One of the nights while staying with Ricia and Rocky, we went to some of their friends' place to see a documentary on Robert Johnson. Did I get that right? Legendary blues musician, the founding father I'd wager (sorry, I'm not up on my blues history). Met some really great people there. Rocky teaches music and Guido is taking some lessons from Rocky. Damn I wasn't even stoned, and what was Guido learning to play?? It was a reeded wind instrument, and I sketched this while they did their thing before the show: Ummmm it doesn't really look like Guido, but he unwittingly provided me with the springboard for Guido In B Minor.

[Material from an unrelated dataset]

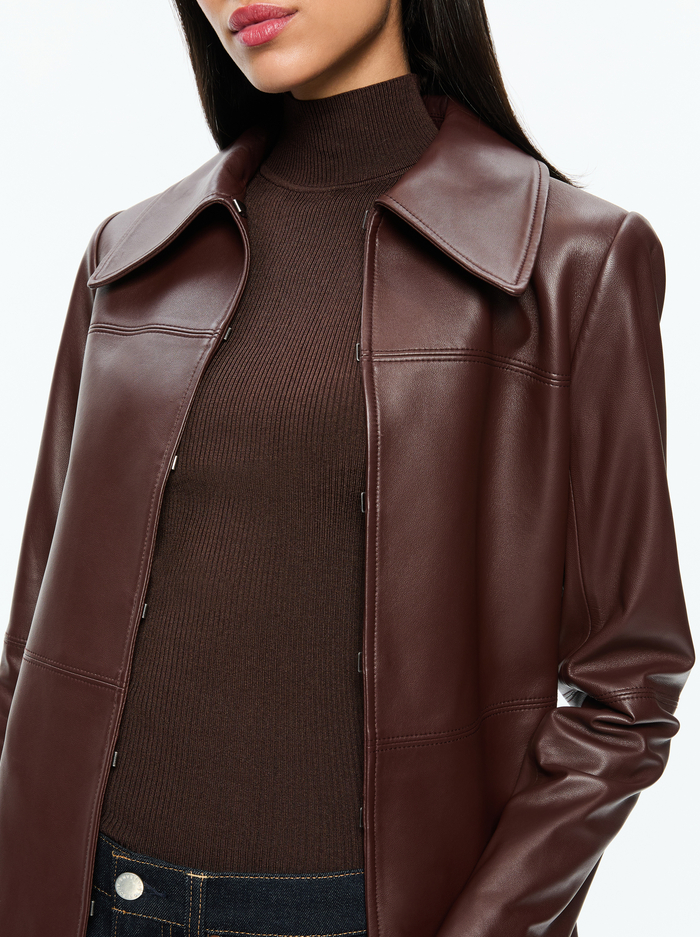 LOGAN LEATHER COAT - ESPRESSO image 3 - Alice And Olivia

Myra, Guido's wife (close enough?), told us about the International Film Festival starting tomorrow (that would have been thursday last) and the first show was for free, at an outside venue. Rocky and I went, it was unseasonably cool, but I didn't mind so very much after the intense heat of India - and the movie was Veer, which chronicled three seasons' worth of bicycle culture/club/community in Portland Oregon and Multnomah County!! It was one of the best films I've ever seen.

I mean, did you guys know about The Sprockettes?? Or Zoobombing? Or the Ben Hurt chariot wars? Bicycle activists and educators abound! Right here at home, of course. Oooh I can't wait to find and purchase a bike for myself.

Oh my god you guys. I was just reading the Sprockettes website and one of their members, Holli, was in a motorcycle accident in Pondicherry on my birthday (late Feb)resulting in a coma. I was in Pondicherry just a few days before that. Looks like she is back in the US now and regaining use of mind and body. Long slow recovery. We can donate through Help Holli Heal blog.

I'll close now with a picture or two from the Coronado State Park where Ricia took me on saturday, before she drove me to the airport. It was a beautiful day. We hiked down into the gully where there is always at least some measure of water, and therefore, a bit more of the green foliage and coolness.


2 comments:

eroica said...

i'm going for a bike ride to pick some feijoas to make more chutney and maybe even some whole preserved feijoas in honey syrup, do you want to come?

Victoria Koldewyn said...

I am so there!!!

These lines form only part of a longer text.